242 F2d 208 Rennie Laughlin v. Chrysler Corporation
242 F.2d 208
RENNIE & LAUGHLIN, Inc., a Corporation, Appellant,
CHRYSLER CORPORATION, a Corporation, Appellee.
United States Court of Appeals Ninth Circuit.
March 8, 1957.
Charles P. Gould, Spray, Gould & Bowers, Los Angeles, Cal., for appellant.
McCutchen, Black, Harnagel & Greene, G. William Shea, and Jack T. Swafford, Los Angeles, Cal., for appellee.
Before FEE, BARNES and HAMLEY, Circuit Judges.
BARNES, Circuit Judge.
Plaintiff appeals from an Order of the United States District Court for the Southern District of California, Central Division, dismissing its amended complaint and cause of action, for failure to state a claim upon which relief can be granted. Rule 12(b) (6), Federal Rules of Civil Procedure, 28 U.S.C.A.
The sole question presented by this appeal is whether the amended complaint, assuming all well-pleaded facts to be true and indulging in all inferences which reasonably may be drawn therefrom,1 sets forth facts sufficient to state a legal claim.
The original complaint purported to allege a cause of action based on breach of contract and was filed on August 8, 1955. Thereafter, an amended complaint, reasserting fundamentally the same claim, was filed on April 5, 1956. It is this latter and superseding pleading which is now before this Court.

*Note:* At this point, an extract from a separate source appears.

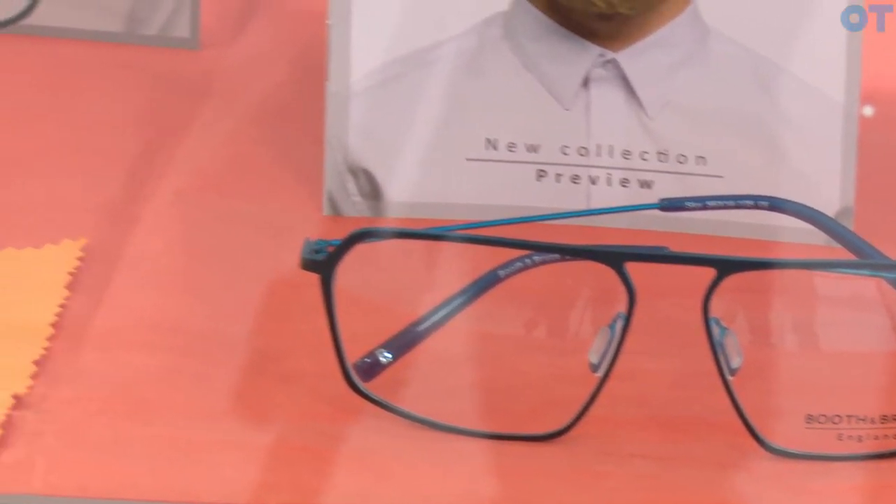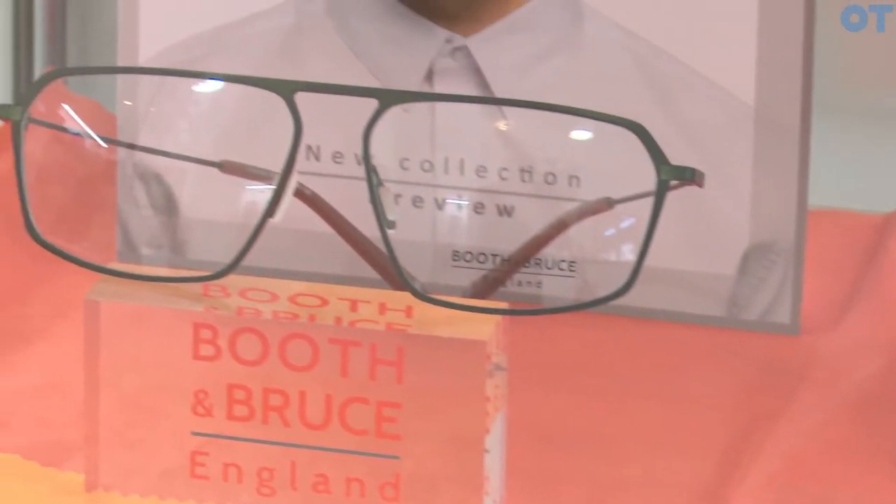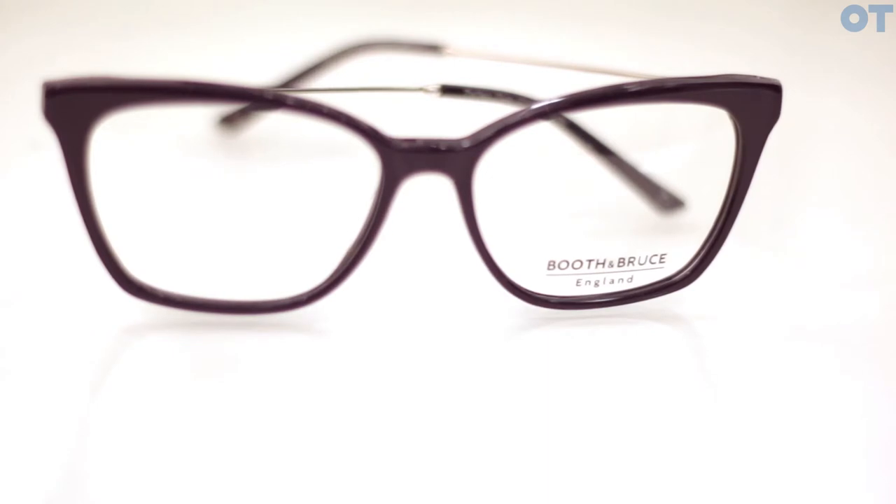We're heading much more towards the metals, slimline, very minimal looking frames, but we're trying to combine that with our history of acetate frames as well, so you'll see mixed use of metal and acetate along with pure acetate and metal frames as well.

We first consider the amended complaint. It appears therefrom that the plaintiff and the De Soto Division of the defendant corporation entered into a written agreement in December 1949, whereby plaintiff became an authorized and direct dealer for De Soto and Plymouth motor vehicles, with the non-exclusive right to purchase said vehicles for resale, in the Los Angeles, California area.2 The contract provided inter alia that it "shall terminate immediately by its own force without notice from either party in the event of (1) an attempted assignment of this agreement without De Soto's written consent." In September of 1951, following economic setbacks and a heart attack suffered by plaintiff's president and general manager, plaintiff advised defendant of its desire to sell its business. This information was conveyed to A. H. Langridge, defendant's Regional Manager. He, in turn, told plaintiff that the defendant corporation would procure a buyer for plaintiff's business "acceptable" to defendant. Subsequently, on or about October 1, 1951, negotiations for the sale of plaintiff's business were commenced with one Darwin C. McCredie and one George Peck, these prospective purchasers having been referred to plaintiff by Mr. Langridge. These negotiations culminated, according to the amended complaint, "in a final sale being made of Plaintiff's business to said prospective buyers on October 26, 1951," although "it was further agreed, on said date, that the formal contract of sale would be made on the 27th day of October, 1951, and the purchase price paid at that time." Prior to the execution of the written agreement of purchase, the defendant, through Mr. Langridge, advised the buyers that it would not give its written consent to the sale. Thereupon, McCredie and Peck "refused" to consummate the sale. As a consequence of defendant's refusal to approve the sale transaction, a new contract with defendant was executed on February 20th, 1952, by which plaintiff continued to represent defendant, and plaintiff entered into a management contract with McCredie and Peck by which the latter operated the auto agency. Continued financial losses finally forced plaintiff to terminate its franchise agreement and close down its business operations on March 31, 1954.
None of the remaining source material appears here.